> Records drawn from a dataset:
☆ ☆ ☆
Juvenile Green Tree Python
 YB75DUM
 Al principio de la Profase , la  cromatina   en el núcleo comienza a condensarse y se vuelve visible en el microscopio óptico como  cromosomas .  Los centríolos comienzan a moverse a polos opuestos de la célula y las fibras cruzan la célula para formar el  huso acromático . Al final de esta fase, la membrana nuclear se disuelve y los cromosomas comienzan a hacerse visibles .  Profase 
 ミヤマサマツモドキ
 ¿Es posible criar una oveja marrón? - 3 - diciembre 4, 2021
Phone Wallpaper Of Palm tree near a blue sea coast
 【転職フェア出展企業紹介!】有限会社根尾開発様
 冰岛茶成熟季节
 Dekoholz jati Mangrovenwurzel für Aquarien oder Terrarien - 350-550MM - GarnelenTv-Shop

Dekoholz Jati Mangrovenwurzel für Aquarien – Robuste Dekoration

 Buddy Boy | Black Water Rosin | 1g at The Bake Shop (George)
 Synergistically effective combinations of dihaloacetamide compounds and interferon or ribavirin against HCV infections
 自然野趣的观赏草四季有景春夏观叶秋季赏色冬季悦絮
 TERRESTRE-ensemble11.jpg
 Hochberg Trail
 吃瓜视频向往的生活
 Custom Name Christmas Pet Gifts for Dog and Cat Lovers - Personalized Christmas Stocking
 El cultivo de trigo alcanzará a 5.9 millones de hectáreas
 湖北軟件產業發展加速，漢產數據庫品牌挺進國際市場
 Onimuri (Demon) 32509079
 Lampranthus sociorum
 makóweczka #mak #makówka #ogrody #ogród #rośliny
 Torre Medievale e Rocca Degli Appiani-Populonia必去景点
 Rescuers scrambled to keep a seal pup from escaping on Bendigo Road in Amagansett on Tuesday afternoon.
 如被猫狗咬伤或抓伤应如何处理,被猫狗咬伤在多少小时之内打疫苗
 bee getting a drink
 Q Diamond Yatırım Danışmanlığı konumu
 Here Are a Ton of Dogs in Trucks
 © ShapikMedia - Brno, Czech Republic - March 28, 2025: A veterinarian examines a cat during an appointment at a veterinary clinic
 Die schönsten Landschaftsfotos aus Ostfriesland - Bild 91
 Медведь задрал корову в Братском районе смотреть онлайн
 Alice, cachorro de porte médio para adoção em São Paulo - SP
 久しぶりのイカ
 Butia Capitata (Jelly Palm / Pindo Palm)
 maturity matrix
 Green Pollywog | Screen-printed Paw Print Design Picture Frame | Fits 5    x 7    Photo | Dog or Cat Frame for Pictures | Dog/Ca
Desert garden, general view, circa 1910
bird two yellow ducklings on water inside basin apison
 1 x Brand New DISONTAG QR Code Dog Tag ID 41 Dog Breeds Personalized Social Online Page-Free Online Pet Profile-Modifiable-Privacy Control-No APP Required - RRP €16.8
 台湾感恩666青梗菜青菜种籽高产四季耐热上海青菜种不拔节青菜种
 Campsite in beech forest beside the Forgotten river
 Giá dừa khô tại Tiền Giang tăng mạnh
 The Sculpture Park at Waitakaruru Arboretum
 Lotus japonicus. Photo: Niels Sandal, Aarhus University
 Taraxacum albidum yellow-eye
☆ ☆ ☆
> REQUIREMENT:
Restate each entry exactly, skipping none.

> RESPONSE AREA:
Juvenile Green Tree Python
 YB75DUM
 Al principio de la Profase , la  cromatina   en el núcleo comienza a condensarse y se vuelve visible en el microscopio óptico como  cromosomas .  Los centríolos comienzan a moverse a polos opuestos de la célula y las fibras cruzan la célula para formar el  huso acromático . Al final de esta fase, la membrana nuclear se disuelve y los cromosomas comienzan a hacerse visibles .  Profase 
 ミヤマサマツモドキ
 ¿Es posible criar una oveja marrón? - 3 - diciembre 4, 2021
Phone Wallpaper Of Palm tree near a blue sea coast
 【転職フェア出展企業紹介!】有限会社根尾開発様
 冰岛茶成熟季节
 Dekoholz jati Mangrovenwurzel für Aquarien oder Terrarien - 350-550MM - GarnelenTv-Shop

Dekoholz Jati Mangrovenwurzel für Aquarien – Robuste Dekoration

 Buddy Boy | Black Water Rosin | 1g at The Bake Shop (George)
 Synergistically effective combinations of dihaloacetamide compounds and interferon or ribavirin against HCV infections
 自然野趣的观赏草四季有景春夏观叶秋季赏色冬季悦絮
 TERRESTRE-ensemble11.jpg
 Hochberg Trail
 吃瓜视频向往的生活
 Custom Name Christmas Pet Gifts for Dog and Cat Lovers - Personalized Christmas Stocking
 El cultivo de trigo alcanzará a 5.9 millones de hectáreas
 湖北軟件產業發展加速，漢產數據庫品牌挺進國際市場
 Onimuri (Demon) 32509079
 Lampranthus sociorum
 makóweczka #mak #makówka #ogrody #ogród #rośliny
 Torre Medievale e Rocca Degli Appiani-Populonia必去景点
 Rescuers scrambled to keep a seal pup from escaping on Bendigo Road in Amagansett on Tuesday afternoon.
 如被猫狗咬伤或抓伤应如何处理,被猫狗咬伤在多少小时之内打疫苗
 bee getting a drink
 Q Diamond Yatırım Danışmanlığı konumu
 Here Are a Ton of Dogs in Trucks
 © ShapikMedia - Brno, Czech Republic - March 28, 2025: A veterinarian examines a cat during an appointment at a veterinary clinic
 Die schönsten Landschaftsfotos aus Ostfriesland - Bild 91
 Медведь задрал корову в Братском районе смотреть онлайн
 Alice, cachorro de porte médio para adoção em São Paulo - SP
 久しぶりのイカ
 Butia Capitata (Jelly Palm / Pindo Palm)
 maturity matrix
 Green Pollywog | Screen-printed Paw Print Design Picture Frame | Fits 5    x 7    Photo | Dog or Cat Frame for Pictures | Dog/Ca
Desert garden, general view, circa 1910
bird two yellow ducklings on water inside basin apison
 1 x Brand New DISONTAG QR Code Dog Tag ID 41 Dog Breeds Personalized Social Online Page-Free Online Pet Profile-Modifiable-Privacy Control-No APP Required - RRP €16.8
 台湾感恩666青梗菜青菜种籽高产四季耐热上海青菜种不拔节青菜种
 Campsite in beech forest beside the Forgotten river
 Giá dừa khô tại Tiền Giang tăng mạnh
 The Sculpture Park at Waitakaruru Arboretum
 Lotus japonicus. Photo: Niels Sandal, Aarhus University
 Taraxacum albidum yellow-eye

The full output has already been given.